Il 3 luglio 2015 è andata in scena la terza rappresentazione del Nabucco che ha aperto la stagione estiva all’Arena di Verona, nella produzione creata da Gianfranco de Bosio nel 1991.

Partiamo appunto dal parlare dell’allestimento che si avvaleva delle scene di Rinaldo Olivieri. Uno spettacolo molto tradizionale, funzionale e suggestivo al tempo stesso. Credo sia uno spettacolo giusto per il pubblico dell’Arena che deve essere guidato alla conoscenza dell’opera e deve vivere anche le suggestioni di uno spettacolo grandioso. La scena ideata da Olivieri prevede un’immensa torre di Babele da cui nel finale escono fumi incandescenti. Belli anche i costumi, forse delle volte troppo carichi, ma funzionali. Anche la regia di de Bosio si muove su strade convenzionali, ma che puntano a narrare le vicende con linearità.
Anche dal punto di vista musicale le cose sono andate molto bene.
Riccardo Frizza dirige un Nabucco fortemente teatrale, con tempi serrati e dinamiche suggestive. Inoltre sa seguire perfettamente i cantanti e non vi sono sbavature tra buca e palco, questo è un grande merito. L’orchestra gli risponde ottimamente.
Nei ruoli di fianco si sono ben comportati Alessandro Guerzoni (Il gran sacerdote di Belo), Paolo Antognetti (Abdallo) e Maria Letizia Grosselli (Anna).
Piero Pretti è stato un buon Ismaele, anche se forse il ruolo non gli ha permesso di far emergere tutte le sue qualità.
Sanja Anastasia è stata una Fenena meno remissiva di come siamo soliti sentire ma più forte e drammatica.

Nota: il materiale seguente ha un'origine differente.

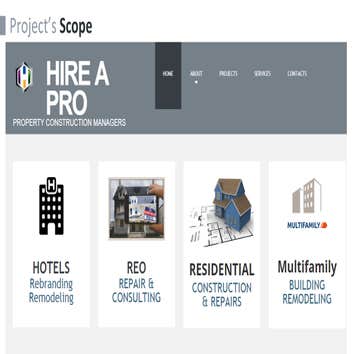Hire A Pro Construction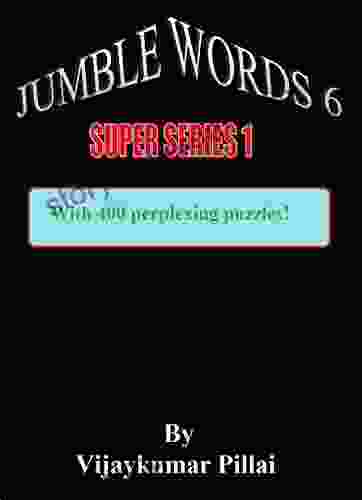 Jumble Words 6: Jumble Words Super 1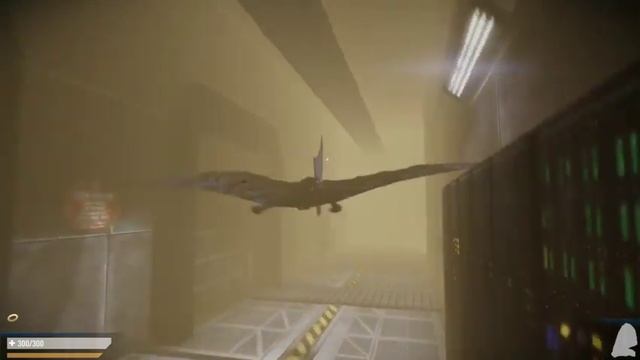 Как играть за компсогната и секретные места в Primal Carnage смотреть онлайн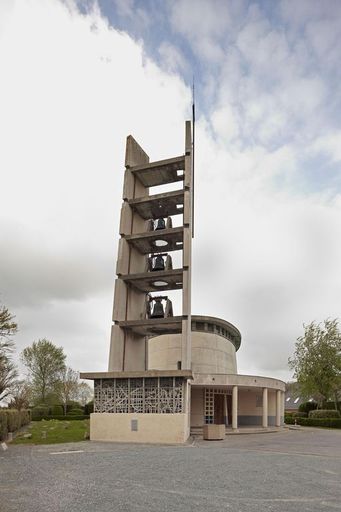 Église paroissiale Saint-Martin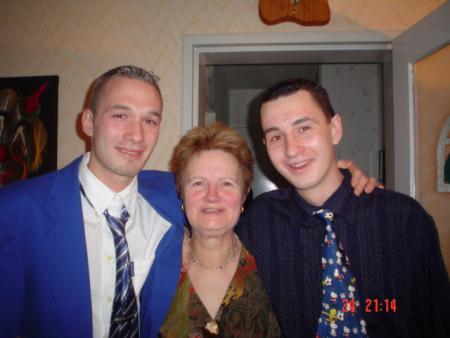 max ma mere et moi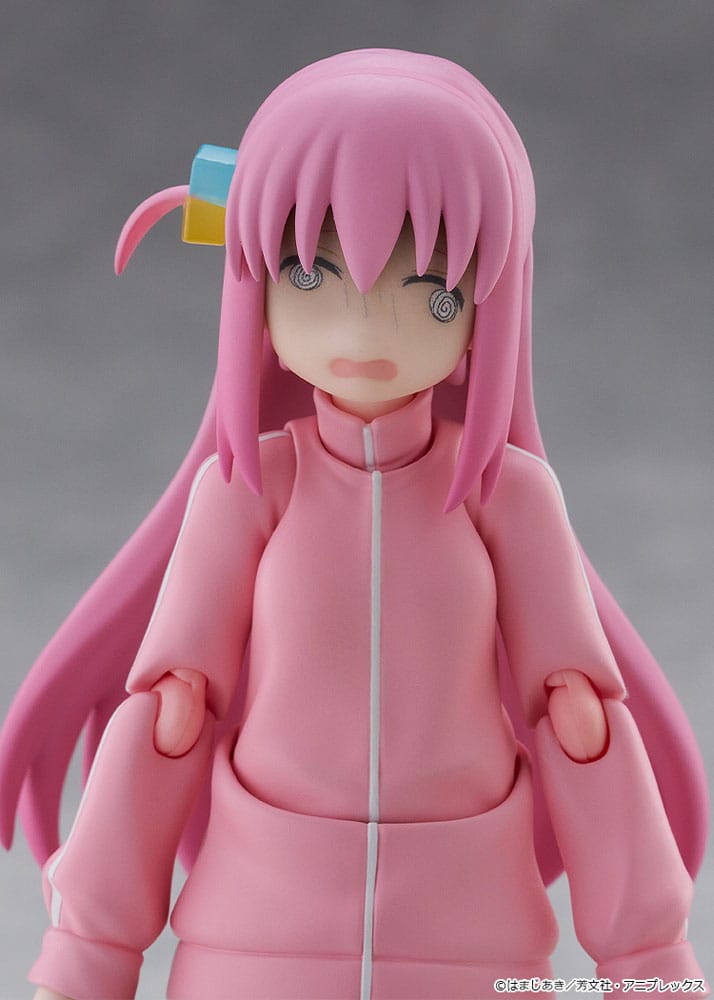 Bocchi the Rock! Figma Action Figure Akaza 15 cm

Raymond Aceto è stato un favoloso Zaccaria. Voce dal timbro bellissimo, è cresciuto durante tutta la serata e ci ha proposto un personaggio nobile, ieratico, tutto giocato sul canto sfumato e sugli accenti drammatici. Inoltre la scrittura verdiana, molto ardua, non lo ha messo in difficoltà, grazie ad una notevole omogeneità tra i diversi registri.
Martina Serafin è stata un’ottima Abigaille. Il soprano viennese ci ha offerto un’interpretazione ben più convincente sia di Tosca (2012) che di Turandot (2014). Il personaggio disegnato dalla signora Serafin era regale, forte, aggressivo, ma anche dolce e sofferto. La voce ha risposto bene alle intenzioni del fraseggio. Naturalmente una frequentazione più assidua del ruolo le permetterà di affinare ulteriormente alcuni particolari come le agilità, che non sempre suonano nitidissime.
Luca Salsi è stato un Nabucco da tenere bene a mente. Il baritono ha creato un personaggio sfaccettatissimo. Fin dalla sua entrata colpisce per l’attenzione alla parola, al fraseggio, alle richieste dell’autore. Non è un re truce e volgare, ma è nobile, superbo. E’ un vero piacere vedere l’evoluzione del personaggio che da Re, passa ad essere padre e uomo dall’animo distrutto. Il culmine è “Dio di Giuda” ricco di commozione e di ispirazione. Tutto questo si unisce ad una voce timbricamente bellissima e grande dal punto di vista del volume, dunque perfetta per gli spazi areniani.
Una lode particolare merita il coro diretto da Salvo Sgrò che è stato protagonista di una prova superba coronata da un altrettanto superbo “Va’ pensiero”.
Alla fine grande successo per tutti.